The stitchdown model Danners I have had for numerous years. A vibram sole replacement is around $75 to $100. The best deal is to send them back to Danner for reconditioning. Replacement sole packages start at $90. 

That being said I love my Danners, especially in inclement weather. They are all the stitchdown models. I do not have any of the new lightweight molded sole Danners. I do however, appreciate the lightweight boots. I think the key to extending their life is to rotate your footwear daily. Over a period of time I started making it a habit to have three or four pair of boots and never wear them day after day. If you find a certain boot that you really like get two or three pair and rotate them. When one pair gets beat up use it for nasty weather, dirty jobs or as a backup boot in your go bag or locker. If they are stitchdown Danners send them off to be reconditioned.


----------



## Patriot (Oct 31, 2009)

Robo, basically any Danner with uniform qualifications and a stitched on Vibram style sole. 

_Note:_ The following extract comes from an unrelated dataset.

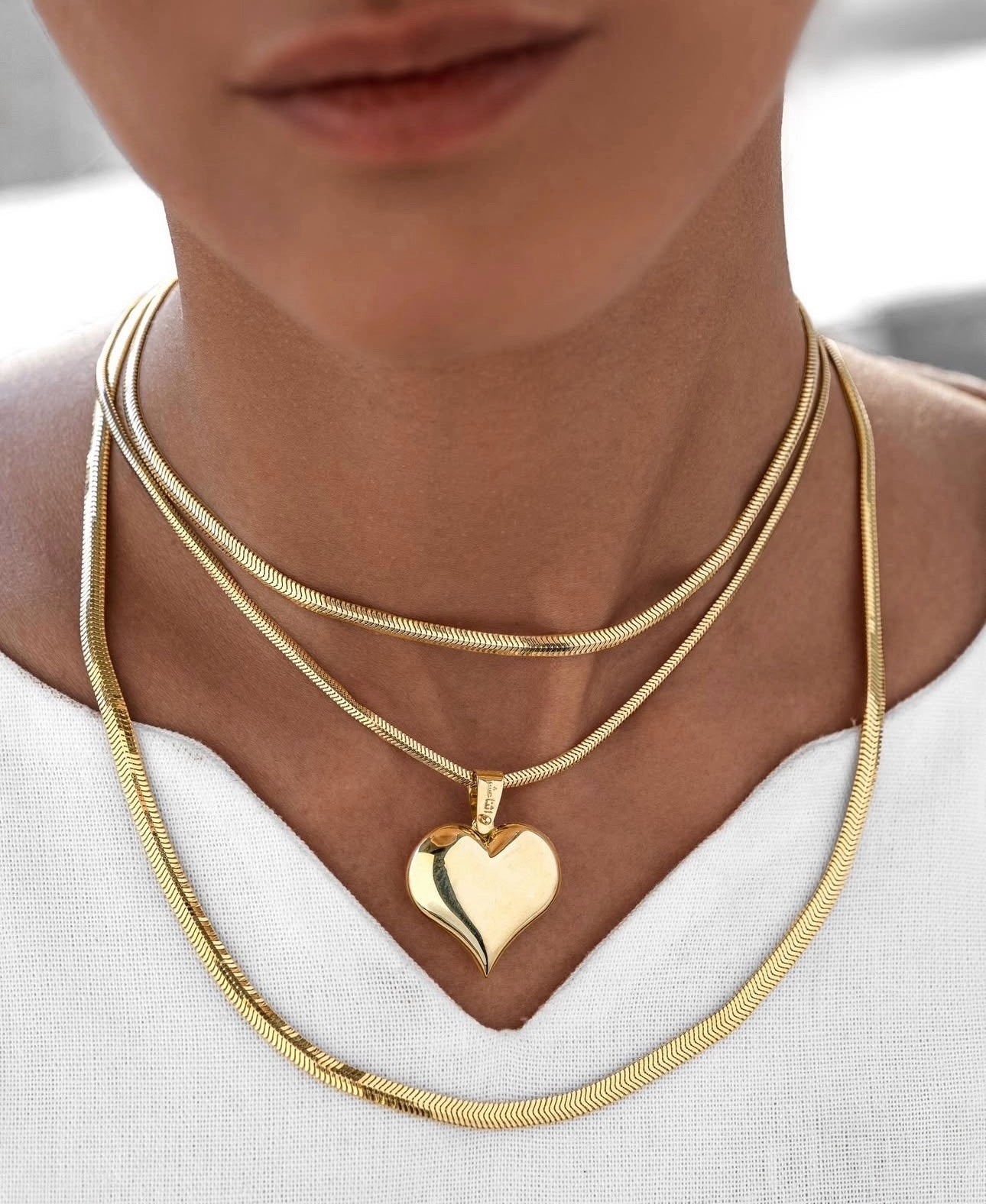 Nahaufnahme eines Halses mit drei übereinander getragenen Schlangenketten aus 18k Gelbgold. Die mittlere Kette ist mit einem polierten Herzanhänger versehen, dessen asymmetrische Form einen modernen, fließenden Look erzeugt. Getragen zu einem weißen, leichten Oberteil mit V-Ausschnitt.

I've owned a desert hiking version of what's essentially the Workman GTX 6" for about 10 years now. I've had the sole replaced one time, which any shoe maker/repair guy will do for about $40 bucks. I also own the Talus GTX style, which used to be called something else, with non-replaceable sole and I've owned those for about 5 years and they're finally getting thin after wearing them every winter.

I think it's difficult to match the great combination of features of the Danner's even though they're pricey.

http://www.danner.com/category/boots.do


----------



## bagman (Nov 1, 2009)

The Danner boots with traditional sewn on soles are very high quality but I would be a bit wary of their new cheaper models. I fellow LEO over her bought a pair (not sure which model, sorry) and was very disappointed in them, only lasted a few months IIRC.


----------



## Robocop (Nov 1, 2009)

Thank you very much for the replies and the link to Danners own site was a big help...thanks Patriot as I never thought to check there assuming I would have to go through a dealer.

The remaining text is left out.